Konuşmasının ardından Dünya Ticaret Merkezi önünde gazetecilerin sorularını da yanıtlayan Demirtaş, 'çözüm süreci'ne ilişkin bir soruya, Demirtaş, Erdoğan ve hükümetin yaklaşımını da değinerek yanıt verdi. Demirtaş, "Ortada çözülmesi gereken bir durum olduğunu kabul ediyor. Bunu önce buzdolabına sonda buzluğa koyduğuna göre bunu çözmeyeceğiz itirafında bulunuyor. Bugün buzdolabında bu kadar katliam yapılıyorsa buzlukta daha fazla katliam yapılacaktır. Ben böyle okuyorum. Bu ülkede çözüm ihtiyacı halkın en temel ihtiyacıdır. Sarayın olmayabilir, hükümet buna ihtiyaç duymayabilir ama Türkiye'de herkes savaşın ağır faturasını ödüyor. Cumhurbaşkanı dolaba koydu, buzluğa koydu diye de bitecek bir iş değildir. Her zaman çözüm süreci bizim gündemimizdedir. Bunlarla olur ve ya başkalarıyla olur ama Türkiye kendi barışına kavuşacaktır. Anlaşılan o ki AKP tam bir savaş partisi tam bir çılgınlık partisi haline dönmüş durumda. İnşallah daha fazla bedel ödenmeden ülkemiz bunlardan kurtulur" diye konuştu.

SOYKIRIM OPERASYONLARI

AKP'nin Kürdistan'daki operasyonların belli ilçelerde devam edeceğine dair açıklamalarına ilişkin ise Demirtaş, "Yeni operasyonlar yeni katliamlar demek. Çok sayıda insan ölecektir demek. Başka türlü bir çözüm üretemiyorlar. Bunun da adına çözüm diyorlar. Geride Moğollar gibi bir yıkıntı bırakarak buna bir başarı diyorlar. Bunların hepsi rüzgar ekmektir. Şiddet şiddeti büyütüyor.
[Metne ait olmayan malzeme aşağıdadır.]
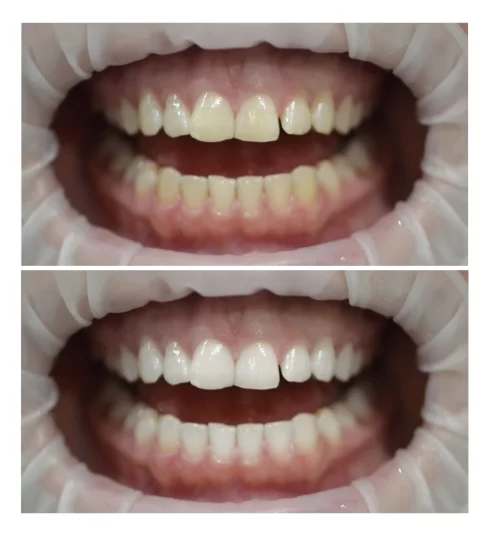 Dentist-Cluj-Napoca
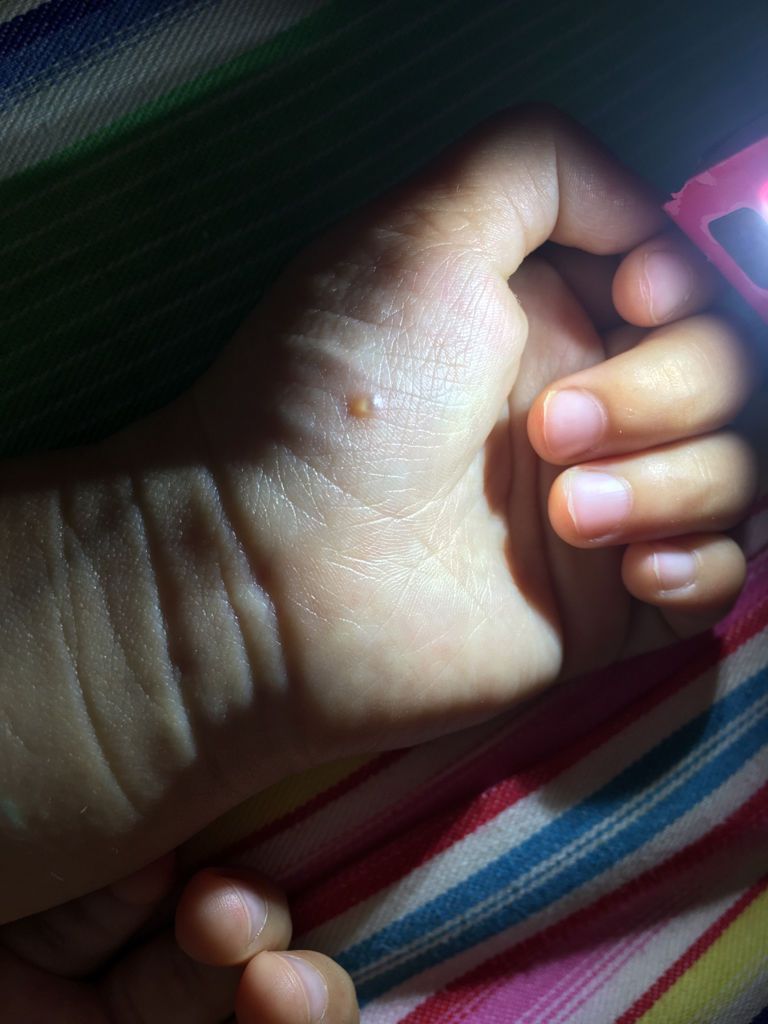 疱疹病毒感染引起第二手足口病病毒感染第三过敏因素引起的湿疹建议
Hükümetten artık tek bir kişi bile barış demeye cesaret edemiyor. Konuşarak çözelim diyen tek bir kişi yok. Hepsi saraya teslim olmuş. Hükümet kazdığı kuyuya kendi düşecektir. Dünyada hiçbir hükümet haksız bir savaşı topluma dayatarak kazanamaz. Kendi şehirlerini tankla, topla yıkan hiçbir iktidar bunu üzerinden bir zafer elde edememiştir" şeklinde konuştu.

DOKUNULMAZLIK

HDP Eş Genel Başkanı Selahattin Demirtaş, son olarak dokunulmazlıklara ilişkin bir soruya da şu yanıtı verdi: "MYK'de tutum belirlenecek ama Anayasa'nın ilgili maddesi değişsin diyoruz ve bu konuda da ısrarcıyız. Vekillerin dokunulmazlığı sınırlandıralım. Bunu sınırlayalım. Yolsuzluk hırsızlık tecavüz ihaleye fesat kavuşturma suçlarına dokunulmazlık olabilir mi. Kaldıralım. Herkes mahkemeye hesabını verir. Bunu yapmayıp konuşmalarımızdan dolayı bizi linç ettirmek bütün olup bitenlerin sorumluluğun HDP'li bir kaç vekile çıkartmayı asla kabul etmiyoruz. 2 HDP'li dokunulması 59 HDP'liye dokunulması anlamına gelir. Gerçekten suç işlese yolsuzlukla, hırsızlıkla anılsa dokunulmazlığının kaldırılması için kendi teklifi kendimiz veririz. Ama düşüncelerinden dolayı bir vekilin sınırlandırılmasını normal karşılayacak değiliz."